Sent v4 considering the comments.
Some answers below. 
>Вторник, 3 ноября 2020, 0:38 +03:00 от Vladislav Shpilevoy <v.shpilevoy at tarantool.org>:
> 
>Hi! Thanks for the patch!
>
>Almost finished!
>
>See 5 comments below.
>
>> diff --git a/src/lib/core/random.c b/src/lib/core/random.c
>> index f4fa75b1c..cfca2b7a9 100644
>> --- a/src/lib/core/random.c
>> +++ b/src/lib/core/random.c
>> @@ -97,3 +102,85 @@ rand:
>> while (generated < size)
>> buf[generated++] = rand();
>> }
>> +
>> +uint64_t
>> +real_random(void)
>> +{
>> + uint64_t result;
>> + random_bytes((char *)(&result), sizeof(result));
>
>1. Why do you need () around &result?
Right, no need here, changed in v4.
>
>> + return result;
>> +}
>> +
>> +uint64_t *
>> +xoshiro_state(void)
>> +{
>> + return state;
>> +}
>> +
>> +size_t
>> +xoshiro_state_size(void)
>> +{
>> + return sizeof(state) / sizeof(state[0]);
>> +}
>
>2. Or instead of these two functions it could be simpler
>to implement xoshiro_state_str(), which would return
>its 4 uint64 numbers as tt_sprintf(). Anyway we need to
>print the state in a human readable format.

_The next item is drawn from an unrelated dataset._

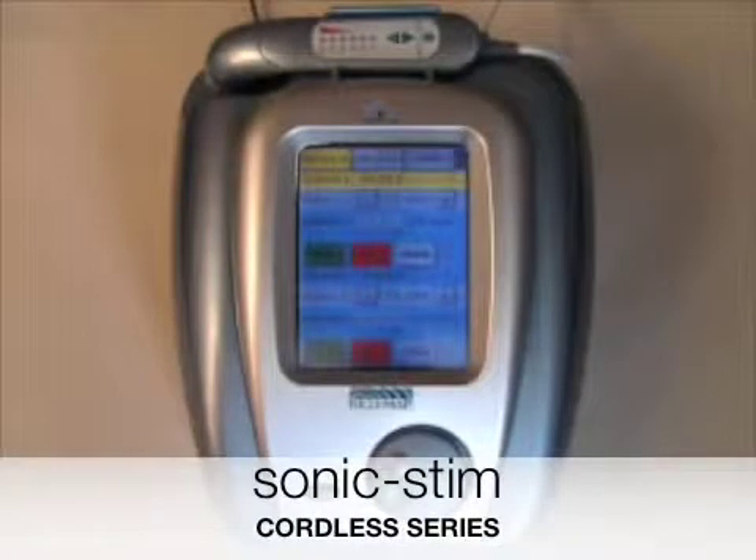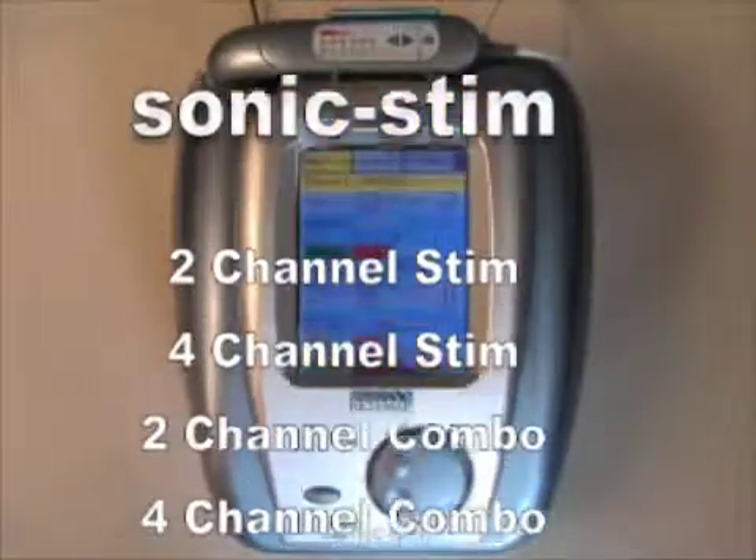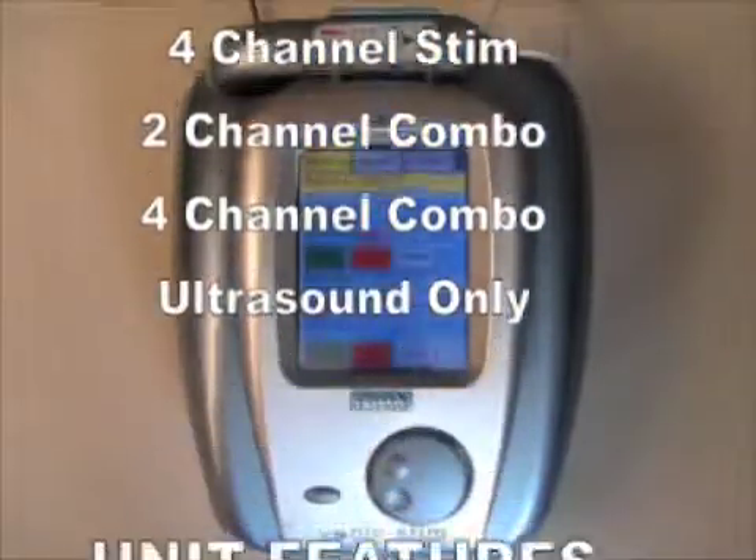The Richmar Sonic Stem Cordless series has five independent models: two in four channel stem, two in four channel combo, and ultrasound only.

Ok, right, i wanted to make it more multi-purpose, but actually
looks like no one need internal xoshiro state out there. So the
string will be enough for cases where it is needed to be printed.
Changed in v4.
>
>> +
>> +int64_t
>> +real_random_in_range(int64_t min, int64_t max)
>> +{
>> + assert(max >= min);
>> + uint64_t range = (uint64_t)max - min;
>
>3. This is UB, if max is negative.
Signed to unsigned int cast is not UB.
Here is the quote from C99 standard (same in C11):
6.3.1.3 Signed and unsigned integers
1 When a value with integer type is converted to another
integer type other than _Bool, if the value can be represented
by the new type, it is unchanged.
2 Otherwise, if the new type is unsigned, the value is converted
by repeatedly adding or subtracting one more than the maximum value
that can be represented in the new type until the value is in the range
of the new type.
3 Otherwise, the new type is signed and the value cannot be
represented in it; either the result is implementation-defined or
an implementation-defined signal is raised.
>
>> + uint64_t mask = UINT64_MAX >> bit_clz_u64(range | 1);
>> + uint64_t result;
>> + do {
>> + result = real_random() & mask;
>> + } while (result > range);
>> + return min + result;
>> +}
>> +
>> +int64_t
>> +pseudo_random_in_range(int64_t min, int64_t max)
>> +{
>> + assert(max >= min);
>> + uint64_t range = (uint64_t)max - min;
>> + uint64_t mask = UINT64_MAX >> bit_clz_u64(range | 1);
>> + uint64_t result;
>> + do {
>> + result = xoshiro_random() & mask;
>> + } while (result > range);
>> + return min + result;
>> +}
>> diff --git a/test/unit/random.c b/test/unit/random.c
>> new file mode 100644
>> index 000000000..3d7416988
>> --- /dev/null
>> +++ b/test/unit/random.c
>> @@ -0,0 +1,48 @@
>> +#include <core/random.h>
>> +
>> +#include <stdio.h>
>> +#include <assert.h>
>> +
>> +#include "unit.h"
>> +
>> +static void
>> +test_xoshiro_random_in_range_one(int64_t min, int64_t max)
>> +{
>> + int64_t result = pseudo_random_in_range(min, max);
>> + assert(min <= result && result <= max);
>> + if (min == max)
>> + printf("pseudo_random_in_range(%lld, %lld) = %lld\n",
>> + (long long)min, (long long)max, (long long)result);
>> +}
>
>4. Why no tests for real random?
My bad, added in v4.
>
>> diff --git a/test/unit/swim_test_utils.c b/test/unit/swim_test_utils.c
>> index 9dbd28a9f..590ce97a1 100644
>> --- a/test/unit/swim_test_utils.c
>> +++ b/test/unit/swim_test_utils.c
>> @@ -875,7 +875,15 @@ swim_run_test(const char *log_file, fiber_func test)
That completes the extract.